The Labor Department will release the latest hiring and unemployment figures at 8:30 a.m. Eastern time. The monthly report provides one of the better snapshots of the state of the American economy. Here’s what to watch for:
• Wall Street analysts expect that 180,000 jobs were created in August, less than the previous month’s unexpectedly strong 209,000 gain but still in line with what’s considered a healthy job market. (Hurricane Harvey will not affect the August report because the data was collected well before the storm hit.)
• Unemployment is expected to remain flat, at 4.3 percent. If it falls, it’ll be at the lowest rate since February 2001.
• Average hourly earnings are expected to rise by 0.2 percent from July. Even as hiring has picked up in recent years and the unemployment rate has dropped, wages have remained relatively stagnant. That means an improvement in hourly earnings could be a further sign of a strengthening economy.
A Possible Return to the Norm
In April, June and July, employers added more than 200,000 jobs per month, a level that’s considered strong given the low unemployment rate as well as the age of the current recovery, which started more than eight years ago.
Given that strength, many economists expect to see hiring experience what’s called a reversion to mean — a return to a level close to the average monthly gain of about 180,000 jobs that we have seen over the past year.
If they’re right, and hiring does dip, it won’t necessarily be a sign of economic weakness. Michael Gapen, chief United States economist at Barclays, notes that August has historically been a soft month for job creation. In four of the last five years, the August payroll figure has come in below expectations, only to be revised up in subsequent months.
Coming Back to the Work Force
Despite steady hiring and the low unemployment rate, the proportion of the population in the work force has been stuck at just under 63 percent, a level that hasn’t been plumbed in decades.
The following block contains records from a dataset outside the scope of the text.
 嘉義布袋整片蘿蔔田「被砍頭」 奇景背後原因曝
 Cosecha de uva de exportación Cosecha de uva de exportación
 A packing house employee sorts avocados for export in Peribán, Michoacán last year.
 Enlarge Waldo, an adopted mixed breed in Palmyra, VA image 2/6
A rise in the so-called participation rate in August would suggest the strong job market is luring back workers sidelined in the recession and the initial years of the recovery.
If the participation rate does go up, it could raise the unemployment rate, but that would actually be considered good news as more people working — or looking for work — makes for a stronger economy over all.
More workers re-entering the labor market would also suggest there are still plenty of people out there who want to work but who have been discouraged by slim pickings or low wages — a phenomenon that economists refer to as slack.
A Raise, Finally?
Speaking of pay, one economic mystery lately has been the failure of wages to increase. Different theories have been suggested, including that automation and new technologies may have begun to fundamentally alter the way we work. But there seems to be little consensus about the cause of the stagnation.
If analyst expectations for August are right, and wages jumped 0.2 percent, that would leave the 12-month increase at 2.6 percent — a decent amount but hardly spectacular. A bigger rise than that would imply the tight labor market is finally forcing employers to raise salaries in order to attract new workers and keep the ones they have happy.
A gain of more than 0.3 percent — July’s increase — would also catch Wall Street’s attention. Traders worry that faster wage growth will prompt the Federal Reserve to raise interest rates more quickly — and undercut corporate profits as companies are forced to spend more on salaries.
Factories Are Humming
In Pennsylvania’s Lehigh Valley, where vanished giants like Bethlehem Steel once employed thousands of workers who turned hot metal into finished steel, Mack Truck is at least one company that is hiring.
Mack has had a presence in the area since 1905, when the brothers behind the company moved truck production to Allentown from Brooklyn, where the company was founded in 1900. But employment at Mack, which is owned by Sweden’s Volvo Group, fluctuates with truck sales.
The number of workers at its factory in Macungie, Pa., dropped to 1,287 in 2016 from 1,875 the year before as demand for new trucks fell. But the market is looking stronger now, and the factory now employs 1,800 people.
Mack’s story underscores the broader rebound in the manufacturing sector, which lost more than 2 million jobs in the last recession, but has partially clawed its way back since then. Factories added 70,000 workers to their payrolls so far in 2017, and economists will be watching to see if the trend continued in August.